# Интернет о суициде > Этот форум >  Увеличивать количество сообщений в личку

## TheRiddle

А можно как-то попросить увеличить себе и своей знакомой увеличить количество возможных сообщений в личку со 100 хотя бы до 300.
Или можно как-то сделать оповещение, что личка заполнена? А то бывает так, что у собеседника личка полная, ты не можешь ему написать и нет возможности ему сообщить.

----------


## Pechalka

Любопытно о чем можно столько насорить в личку сообщениями. О том, какого цвета на тебе сегодня труселя?

----------


## TheRiddle

Просто я здесь уже много лет общаюсь с одним человеком и нам нравится это место. А общаться можно о чем угодно.
Вы даже не представляете, сколько тем для разговоров существует в этом мире  :Smile:

----------


## Pechalka

Я знаю, я с вами достаточно общалась в прошлом и с ней тоже.

----------


## TheRiddle

А то я вижу ник знакомый  :Smile:  Ну всё же было бы здорово как-то улучшить работу с личкой. Или больше сообщений 
или оповещения, чтобы было видно, что всё забито.

----------


## Pechalka

Админ давно сделал ноги и живёт видимо своей жизнью обустроенной. А модер ничо не может уже, стар, как древний мир.

----------


## TheRiddle

Кто же за хостинг платит? Я помню, вроде админом был Плаксивая Тряпка. Может что и изменилось. На сам форум 
уже очень и очень давно не заходил. Сейчас только с Балдушкой общаюсь и всё)

----------


## Pechalka

Никто за него не платит, на сколько известно мне. Тряпка никогда не был в админах и на вряд ли чем в этом поможет, а админ сделал ноги.

----------


## TheRiddle

Так форум на бесплатном хостинге? Но тогда надо хотя бы за домен платить раз в год. Странно всё это... Будет жалко,
если этот форум закроется.

----------


## NEET

Ваша проблема решается очень просто. Странно, что вы до сих пор не сделали этого.

----------


## TheRiddle

*NEET*, я полагаю, вы предлагаете использовать для общения другие сайты, типа вк, или программы, вроде скайпа.
Но это в данный момент невозможно. Если же вы знаете, как решить мою проблему в пределах этого форума - буду очень благодарен за ценный совет.

----------


## NEET

Не обязательно использовать. Хотя бы обменяться адресами электронной почты на крайний случай.

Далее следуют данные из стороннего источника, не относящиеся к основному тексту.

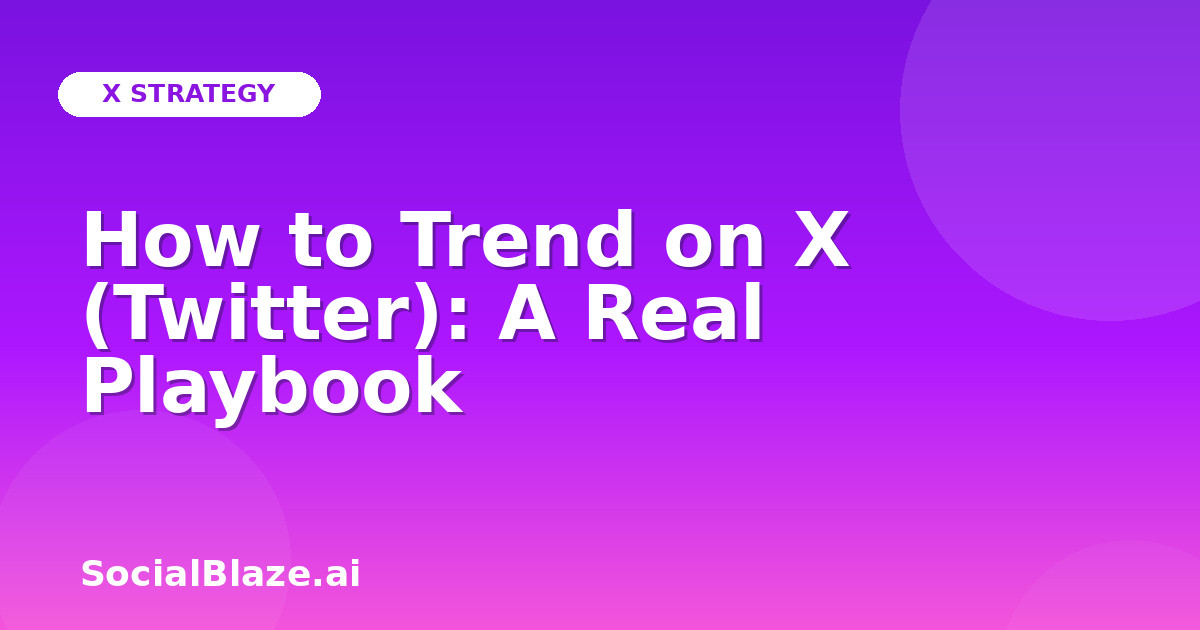 How to Trend on X (Twitter): A Real Playbook
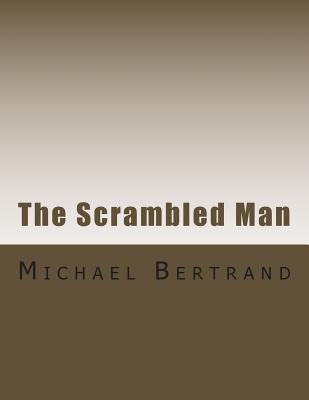 The Scrambled Man - Bertrand, Michael John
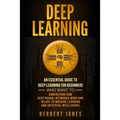 Deep Learning: An Essential Guide to Deep Learning for Beginners Who Want to Understand How Deep Neural Networks Work and Relate to M - Paperback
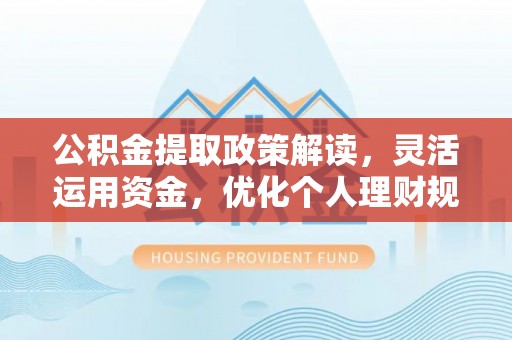 来义公积金提取政策解读，灵活运用资金，优化个人理财规划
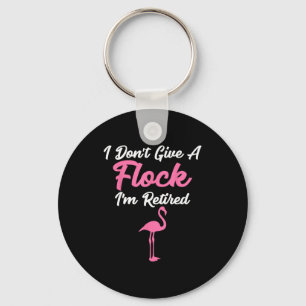 I Don't Give A Flock I'm Retired Funny Flamingo Keychain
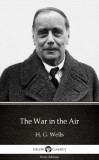 Delphi Classics (Parts Edition) H. G. Wells: The War in the Air by H. G. Wells (Illustrated) - könyv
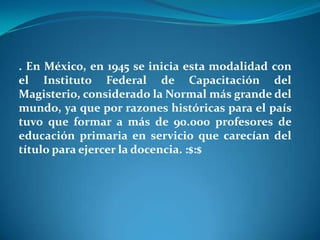 . En México, en 1945 se inicia esta modalidad con el Instituto Federal de Capacitación del Magisterio, considerado la Normal más grande del mundo, ya que por razones históricas para el país tuvo que formar a más de 90.000 profesores de educación primaria en servicio que carecían del título para ejercer la docencia. :$:$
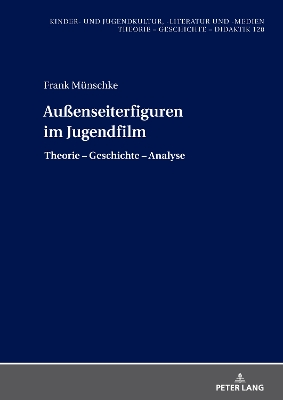 AuÃŸenseiterfiguren im Jugendfilm: Theorie - Geschichte - Analyse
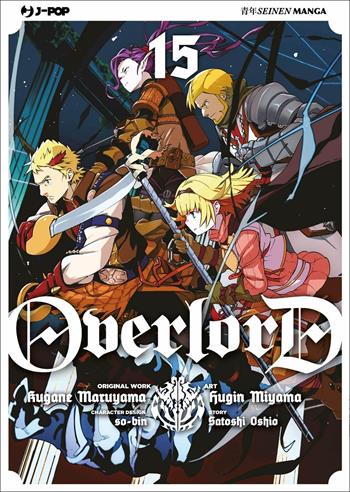 Overlord. Vol. 15 - Kugane Maruyama, Satoshi Oshio - Libro Edizioni BD 2022, J-POP | Libraccio.it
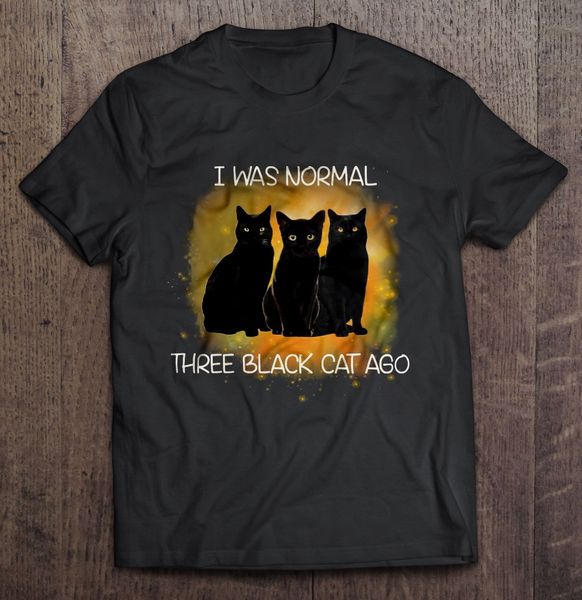 

men t shirt i was normal three black ago women t-shirt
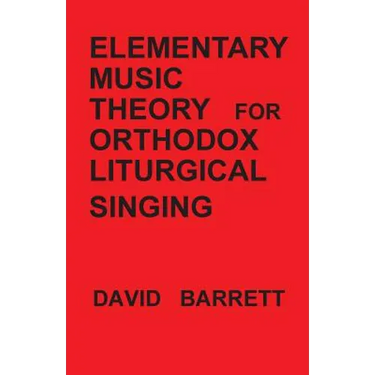 Elementary Music Theory for Orthodox Liturgical Singing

А здесь... Разве что постить в дневник и следить, чтобы заголовок был виден на главной странице. Лучшего тут вряд ли придумаешь без участия админов.

----------


## TheRiddle

Сообщениями в дневник, собственно, и пользуюсь) Но хотелось чего-то более удобного. Адресами-то обменялись, но все же удобнее пока общаться здесь. Что ж, будем довольствоваться малым) Благодарю за проявленное к моей теме внимание!

----------


## NEET

В дневник или в профиль? Не припомню, чтобв в дневниках появлялась подобная тема.

----------


## TheRiddle

Видимо ошибся. В профиль - во вкладке "Visitor Messages".

----------